Rooney's problem is what you might call new produce syndrome. We've all had onions before, so when they offer us onions of a different shape or colour we're all over them. Once you get the new ones into the frying pan, though, we're reminded why traditional onions got to be traditional. It's because they're the best onions. It's the same with Rooney, just like it used to be with Beckham. In 2006 we all got arsey with Beckham just because we did tolerably well after he limped off against Portugal, forgetting that he scored or made three out of the six goals we scored in that tournament. Now it's Rooney's turn to be the boring onions.
Just to refresh people's memories (and I say this with some asperity), he scored seven goals in our qualifying group.

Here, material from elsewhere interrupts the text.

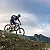 MTB AllMountain Tour: Elba Ostkamm Special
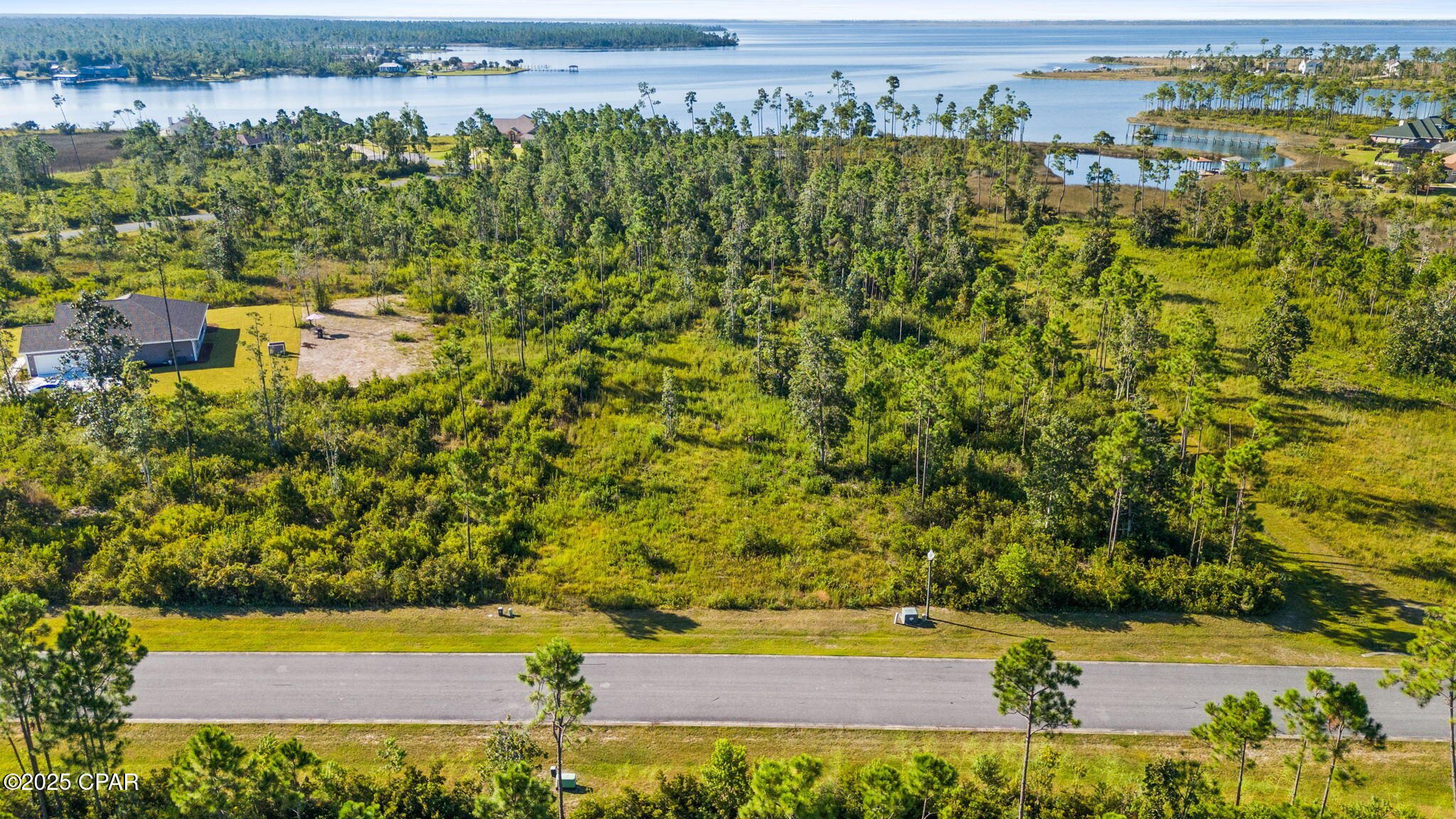 P_1w27qvp9r1h9wojz8pp89lh0xzmaxwfkvvepvdlje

No-one else from any country scored more than four. Three of them were fill-your-boots goals against San Marino, but he also got the crucial goals against Poland and Montenegro that actually got us through in the first place. Obviously he's not done quite so well for his club just recently, but that's because United have been on a gap year. And it's worth bearing in mind that not quite so well means 17 goals, putting him in fourth place for the season behind Suarez, Sturridge and Toure. I've just checked down that list, and out of the top 20 scorers every healthy player whose country qualified is in Brazil right now except Jay Rodriguez. We've seen several of them already, and no-one has been demanding that their managers drop them.

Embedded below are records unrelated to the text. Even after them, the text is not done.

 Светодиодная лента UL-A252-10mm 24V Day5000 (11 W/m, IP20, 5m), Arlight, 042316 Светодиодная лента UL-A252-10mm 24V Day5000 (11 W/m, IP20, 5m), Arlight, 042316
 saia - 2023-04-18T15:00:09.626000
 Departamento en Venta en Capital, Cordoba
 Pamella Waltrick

He did miss a good chance last night, but he also put the cross in for our only goal, despite being asked to play out of his usual position. And yet Twitter hates him, and Hodgson is having to fend off questions about his comfort levels. Yes he looks like a potato, but compared to the Italians all our players look like potatoes. And sometimes the boring potatoes are the best.
There are other grounds for optimism. Our next game is against Uruguay, who were thoroughly outclassed in their game against the less than stellar Costa Rica. Suarez didn't come on, which under the circumstances can only be down to injury, and Maxi Pereira is suspended after he was sent off in the last minute when he momentarily forgot you weren't allowed to just kick people to the ground.
Of course Costa Rica will be a harder game now, but it's worth remembering that England have a slight advantage in goal difference compared to Uruguay, so a win and a draw may well be enough.
So there are reasons to look forward to Thursday with optimism. At the more civilised time of eight o'clock. Who's up for it?